From Robert Whitcomb's "Digital Diary,'' in GoLocal24.com
Amidst all the “crisis chatter’’ (the late novelist Saul Bellow’s phrase) about the news, we’d do well to read Robert Frost’s great haunting late poem “Directive,’’ about a walk in upland New England that turns into a reflection on eons of the natural world, humanity’s experience and, by implication, the poet’s own ordeals and transitory joys. It ends with a quasi-Christian statement. It puts life, especially a long one, into an ambiguous but still vivid perspective.
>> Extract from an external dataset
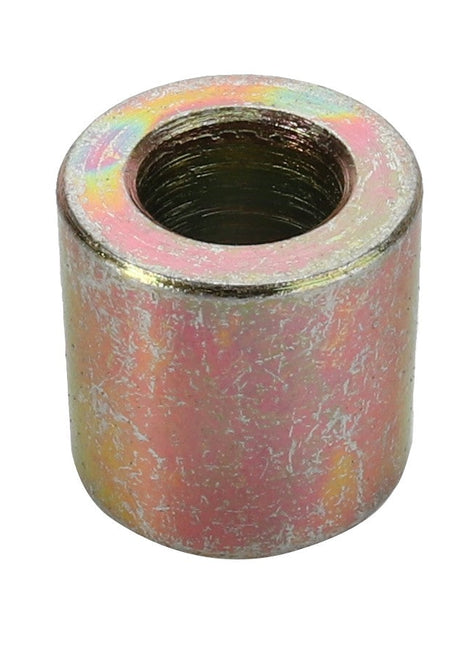 The AGCO BUSH - D26733466 is a cylindrical metal spacer featuring a threaded hole in the center. It has a slightly rough surface and boasts a metallic, multicolored finish. Currently, there is no information available regarding its availability or specifications.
The poem is too long to run all of here, but here are some fragments:
Back out of all this now too much for us,
Back in a time made simple by the loss
Of detail, burned, dissolved, and broken off
Like graveyard marble sculpture in the weather,
There is a house that is no more a house
Upon a farm that is no more a farm
And in a town that is no more a town.
The height of the adventure is the height
Of country where two village cultures faded
Into each other. Both of them are lost.
And if you're lost enough to find yourself
By now, pull in your ladder road behind you
And put a sign up CLOSED to all but me.
First there's the children's house of make-believe,
Some shattered dishes underneath a pine,
The playthings in the playhouse of the children.
Weep for what little things could make them glad.
But the end of the poem:
Here are your waters and your watering place.
Drink and be whole again beyond confusion.